Arrangements during the Minority—Condition of France—Death of Charles VI.—Bedford's Marriage—Battle of Crévant—Release of the Scottish King—Battle of Verneuil—Gloucester's Marriage and its Consequences—Rivalry of Gloucester and Beaufort—Siege of Orleans—Battle of the Herrings—Joan of Arc—The March to Orleans—Relief of the Town—March to Rheims—Coronation of Charles—The Repulse from Paris—Capture of the Maid—Her Trial and Death—Coronation of Henry—Bedford Marries again—Congress of Arras—Death of Bedford—The Tudors—Contests between Beaufort and Gloucester—Henry's Marriage—Deaths of Gloucester and Beaufort—Disasters in France—Fall and Death of Suffolk.

Henry VI., on the death of his father, was scarcely nine months old. However prosperous his father had been, and however well fortified he seemed to have left him in the care of his mother and the ability and unity of his uncles, as well as the reverence of the people for their late brilliant king, no one who had studied history, even in the smallest degree, but must have foreseen in the course of so long a minority many troubles, and probably much disaster. It would, indeed, have been a miracle if the clashing ambitions of the blood-relations, and of other great men around the infant king's throne, had not produced much trouble and civil conflict. But the prospect of his power in France was still more critical. There he was the nominal heir to a throne of which his father had not lived to obtain possession—of a kingdom not yet entirely subdued by the British arms; a kingdom naturally hostile to an English ruler; a kingdom of proud, sensitive people, who, though they had consented to the ascendency of Henry V., in order to procure some degree of repose, yet had by no means forgotten the haughty and the cruel deeds of the English in their country; above all, a kingdom in which the rightful heir to the throne was still alive—in fact, had still most devoted adherents; and who presented to their feelings the image of a young prince unjustly and unnaturally excluded from his own great patrimony by an imbecile father and a haughty conqueror.
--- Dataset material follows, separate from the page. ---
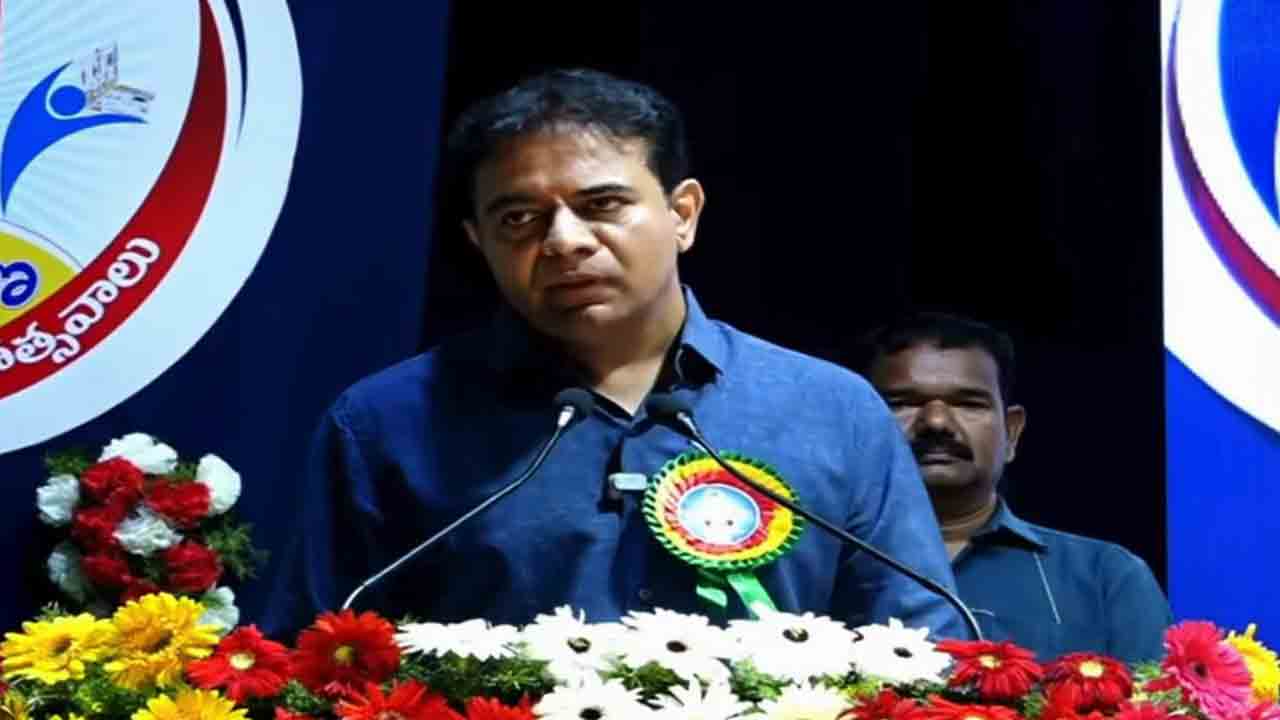 KTR | సోషల్ మీడియానే లేకపోతే ఆ అమ్మాయికి న్యాయం జరిగే పరిస్థితి ఉందా..? : కేటీఆర్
The effect of these circumstances became first manifest in England. After the interment of Henry V., Queen Catherine retired to Windsor with her infant charge, and the Parliament proceeded to take measures for the security of the throne during the minority. The nobles during the reign of Henry V. had been held in perfect and respectful subordination by the ability and the high prestige of the king. Parliament had asserted its own, but sought not to encroach on the royal prerogative in the hands of a sovereign who showed no disposition to encroach on the popular rights. But now Parliament, and especially the House of Peers, showed unmistakable evidence of a consciousness of their augmented authority.